> **INSTRUCTIONS FOR THE TASK**: Write out every line exactly, from the start of the records below to the line with "a photograph of", and stop there. Don't write out the pictures.

= Beginning of Section =

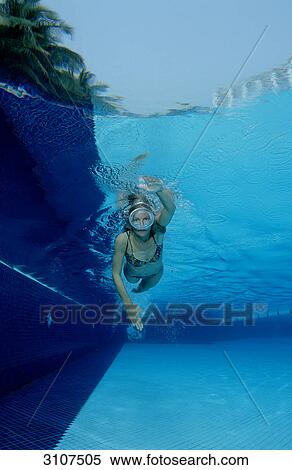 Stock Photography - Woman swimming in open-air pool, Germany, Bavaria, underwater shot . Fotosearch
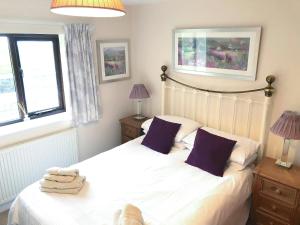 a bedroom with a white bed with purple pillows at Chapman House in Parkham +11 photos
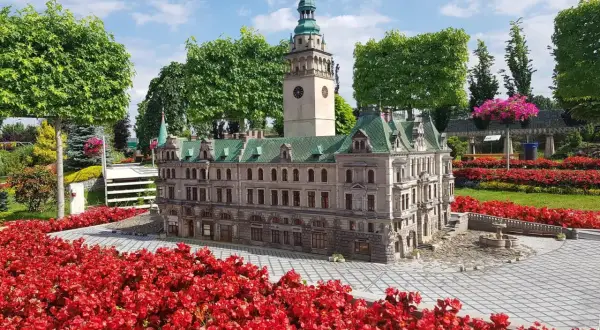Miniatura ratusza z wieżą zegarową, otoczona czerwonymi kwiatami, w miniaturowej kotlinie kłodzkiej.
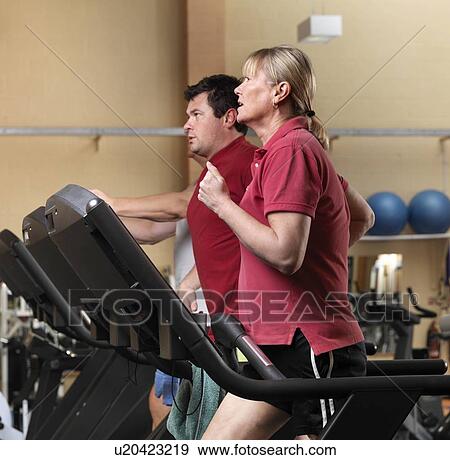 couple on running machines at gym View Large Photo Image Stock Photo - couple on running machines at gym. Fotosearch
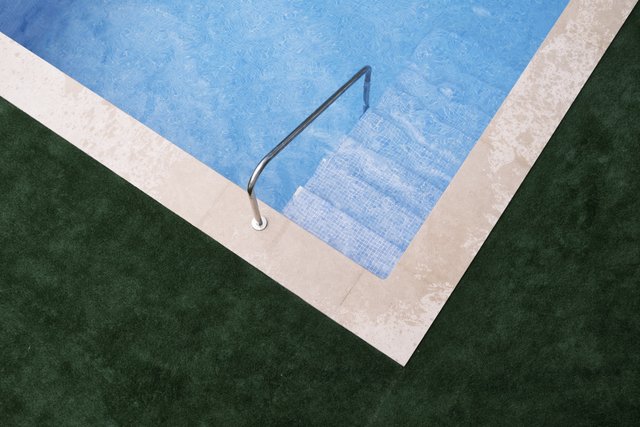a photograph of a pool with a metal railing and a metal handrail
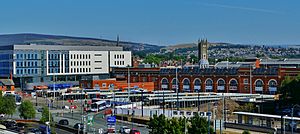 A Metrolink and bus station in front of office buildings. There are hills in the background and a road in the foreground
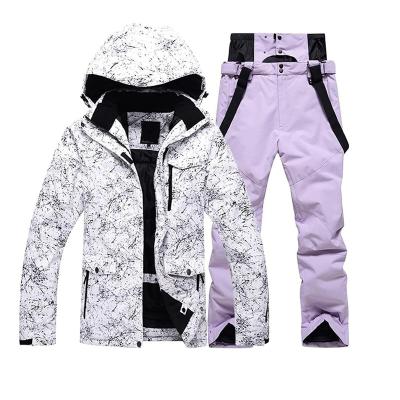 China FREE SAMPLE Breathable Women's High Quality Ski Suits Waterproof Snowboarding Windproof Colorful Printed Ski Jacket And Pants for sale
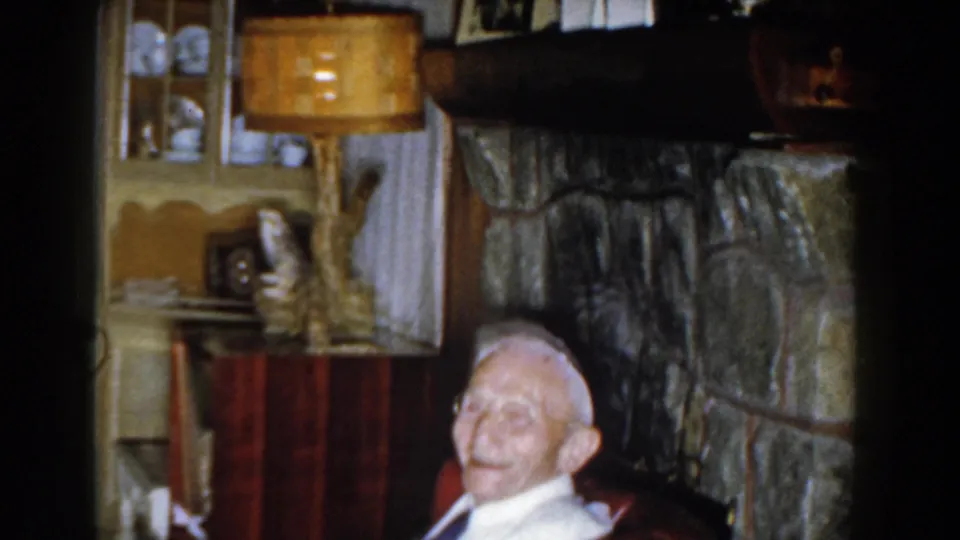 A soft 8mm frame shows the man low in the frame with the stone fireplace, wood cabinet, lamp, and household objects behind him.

= End of Section =

> **SOLUTION FOR THIS TASK**:
 Stock Photography - Woman swimming in open-air pool, Germany, Bavaria, underwater shot . Fotosearch
 a bedroom with a white bed with purple pillows at Chapman House in Parkham +11 photos
Miniatura ratusza z wieżą zegarową, otoczona czerwonymi kwiatami, w miniaturowej kotlinie kłodzkiej.
 couple on running machines at gym View Large Photo Image Stock Photo - couple on running machines at gym. Fotosearch
a photograph of a pool with a metal railing and a metal handrail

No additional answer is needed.